It’s Super Bowl Sunday! From the perspective of a football fan, I can’t really lose; I live in North Carolina, so if the Panthers win, I win (local team and all that); if the Broncos win, well, I used to live in Indianapolis and always respected Peyton Manning (and I have nothing against Denver). The only way I lose anything in the game is if it’s played terribly, or maybe if someone’s injured badly.
(I love football; I hate when people are injured in the process of playing a game.)
But I caught myself thinking about the excesses of the game this morning.
Mild shift in focus: this is where you’d see those wavy lines during a scene transition…
I’ve been in a lot of cities across the United States. I’m not exactly a world traveler (or a US traveler, really), but I’ve been around a little.

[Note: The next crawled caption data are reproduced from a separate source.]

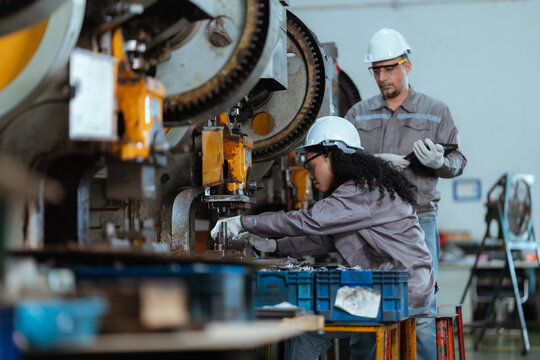 Workers operate machinery in a factory at a manufacturing site during the day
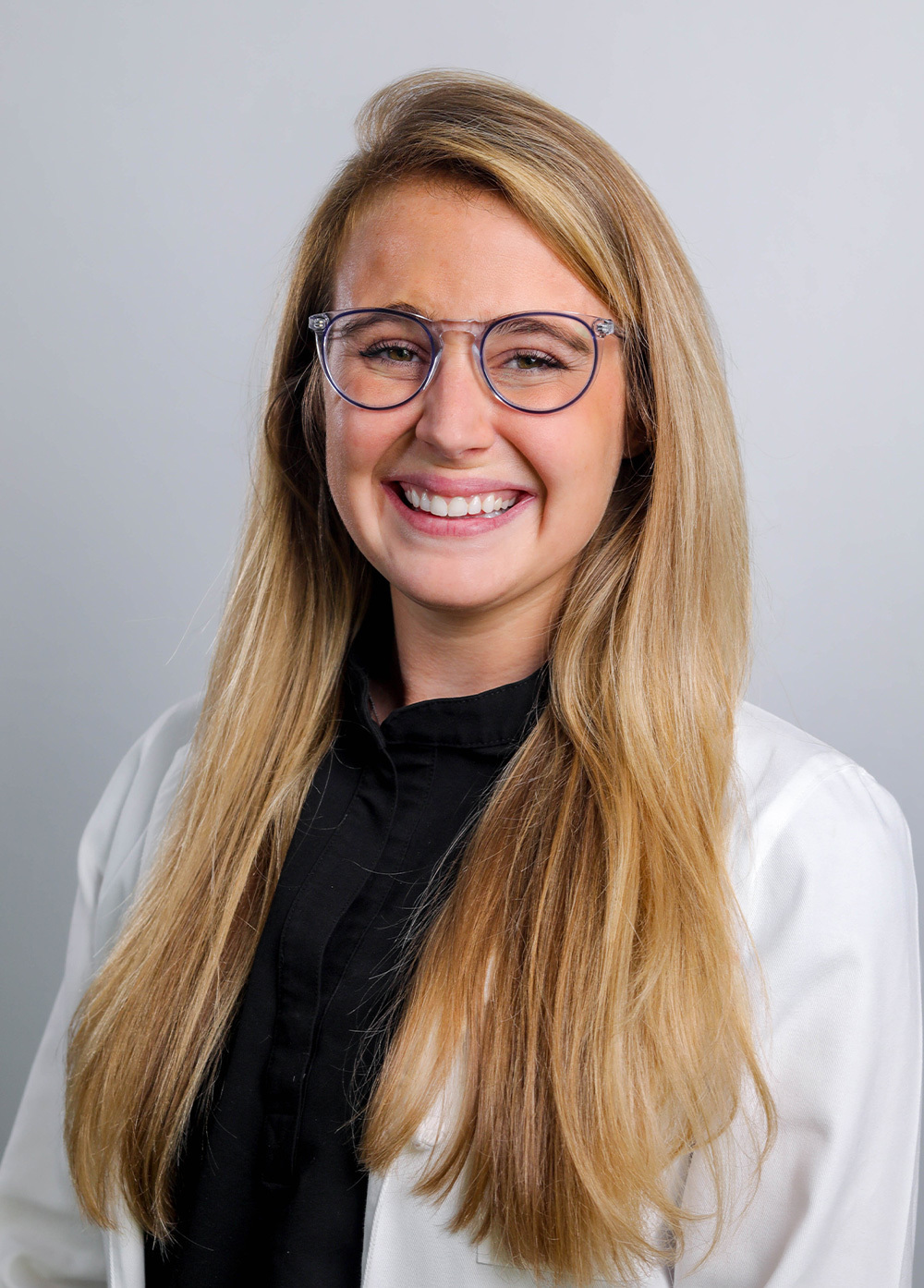 Amanda McKinney wearing a white coat and smiling in front of a white backdrop.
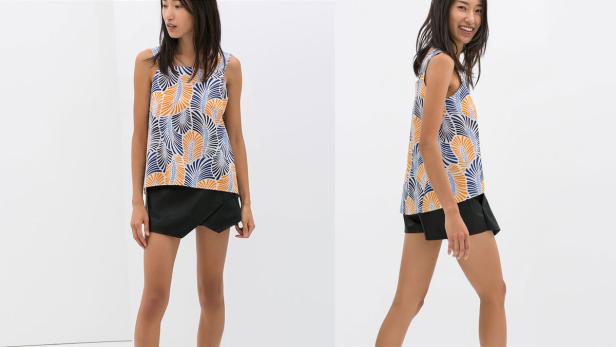 Eine Frau trägt ein ärmelloses Oberteil mit Muster und schwarze Shorts.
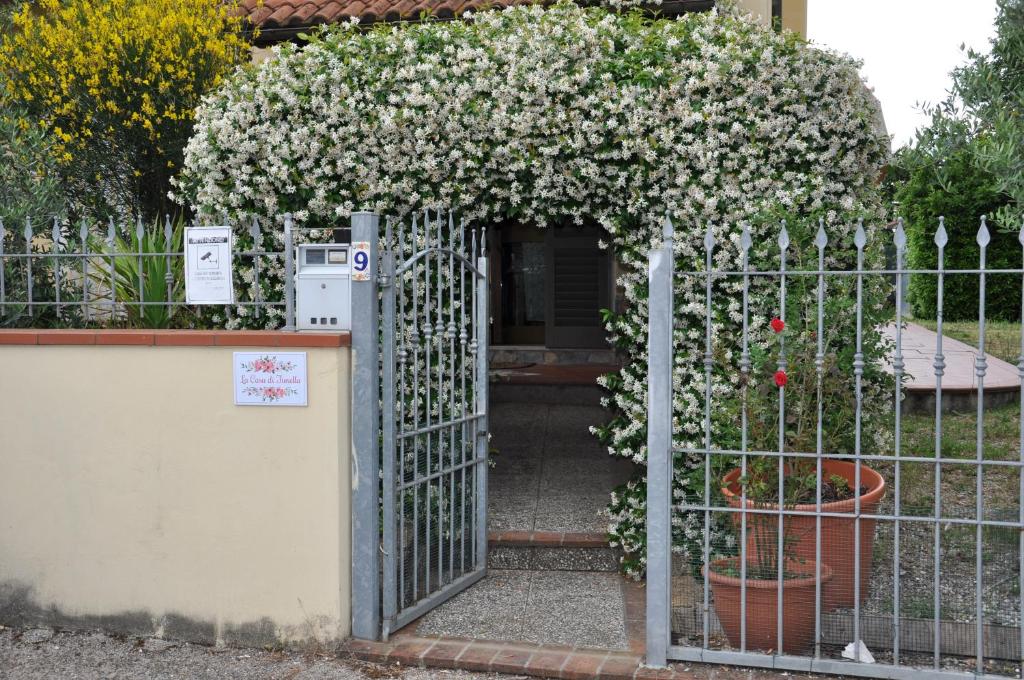 una puerta abierta con flores blancas detrás de una valla en La Casa di Fiorella, en Cerreto Guidi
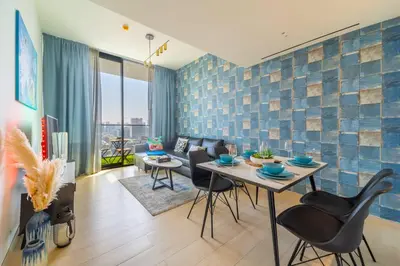 a living room with a table and chairs at Serene 1BR Haven with Pool View in Binghatti Corner! in Dubai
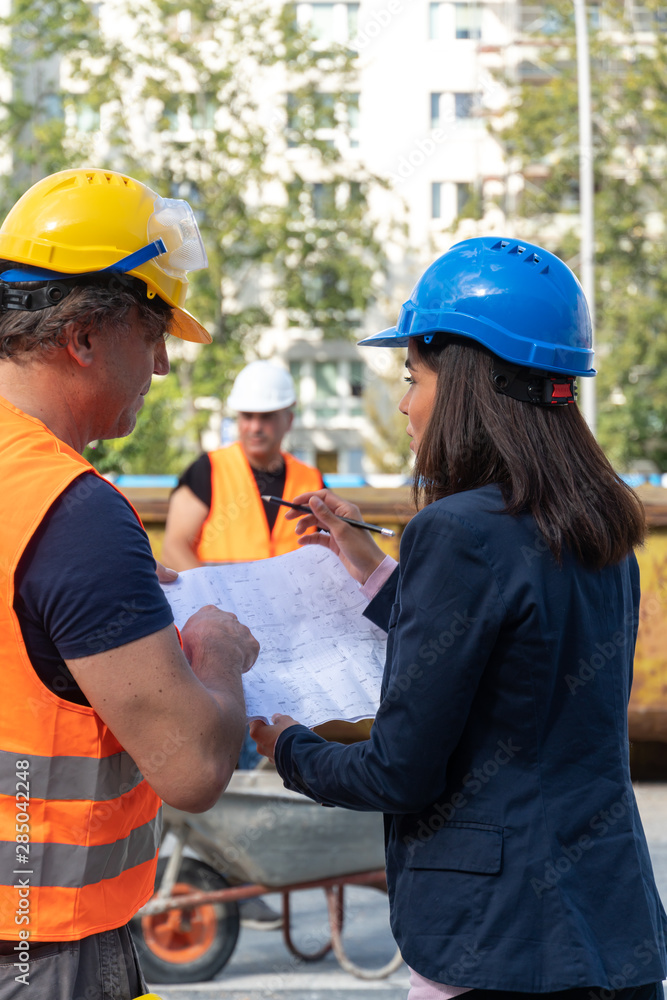 Construction manager wearing safety jacket and helmet checking projects discussing with a female engineer. In background, another worker Construction manager wearing safety jacket and helmet checking projects discussing with a female engineer. In background, another worker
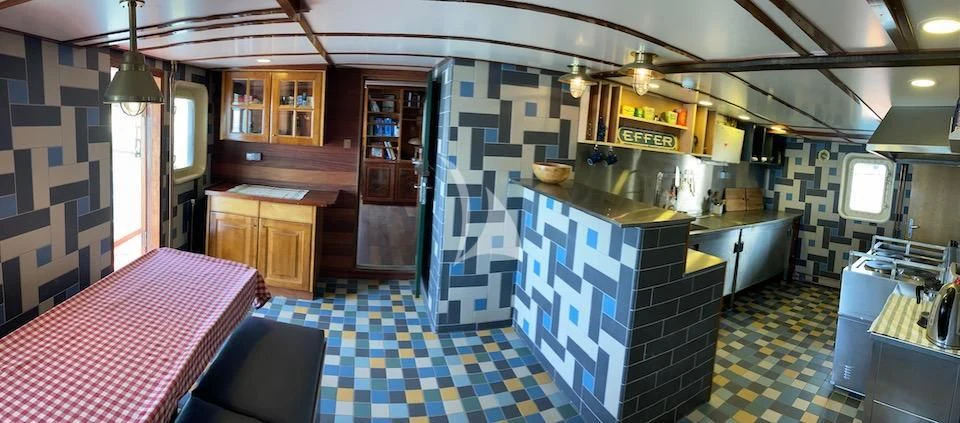 a kitchen with a checkered table cloth aboard BALTO Yacht for Sale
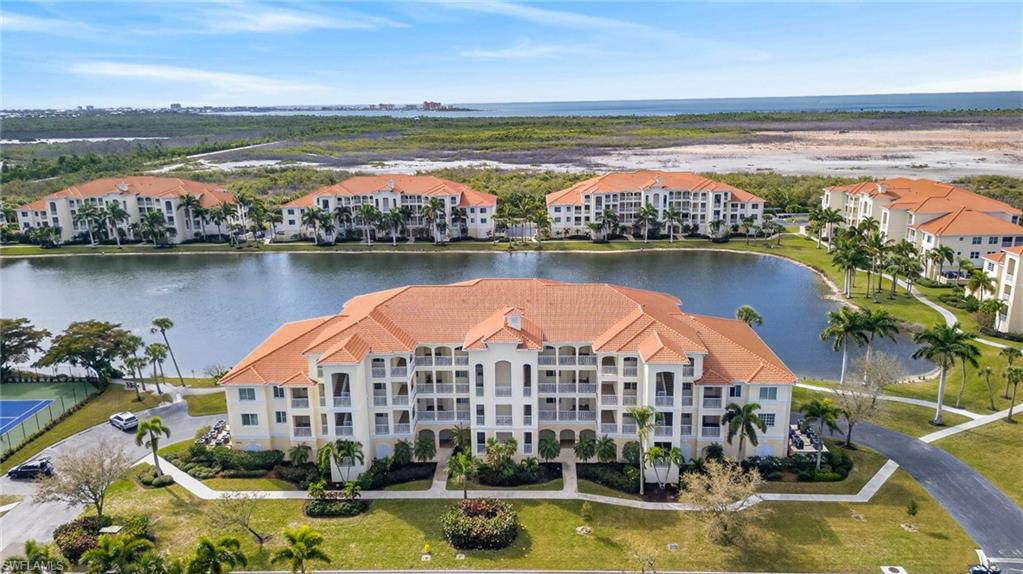 Drone / aerial view of apartment complex / building and a nearby body of water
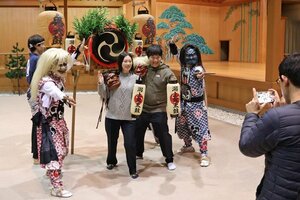 鬼太鼓の団体と記念撮影する観光客＝佐渡市中興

The city I dislike above any other is Las Vegas. New York is a distant second (and only because there are too many people in the parts of it where I’ve had to be – apart from the population pressure, New York is pretty nice.)
It’s not that the people in Las Vegas aren’t kind; it’s the excess you see everywhere. I can’t walk through Caesar’s Palace without thinking of how many hospitals could have been built with the money invested in the building, or how many of the homeless could have been sheltered, or how many children fed or educated (or both).
I know that it’s a personal reaction; Las Vegas is run by businesses, and I don’t know that the builders did not contribute to their societies as well as building these places.
But if it had been me, I think I’d have held off on the ostentation, and made sure there were none in Las Vegas who were sick, hungry, uneducated, or sleeping under the stars without choosing to do so for their own edification.
Wavy screen transition!
The Super Bowl always reminds me of Las Vegas; everything is over the top, and it’s over what is, in the end, a game. The halftime extravaganza is… just too much. (I haven’t been able to appreciate the halftime show in a long time, even when The Who was on it.)
So I caught myself thinking: “If it were me, I’d take the money I’d have spent on a ticket and given it to my local food bank!”
And there’s the problem: would I really have done that? Honestly? For true?
And the answer is “probably not.” I want to think I’d do that. And now, honestly, since I feel kinda bad about it, maybe I will give money to the local food bank as my conscience is instructing me to do.
But the thing that stuck out the most – and actually hurt – was the difference between the narrative in my head – what I saw myself doing, in pride and in how awesome I was – and what I actually do.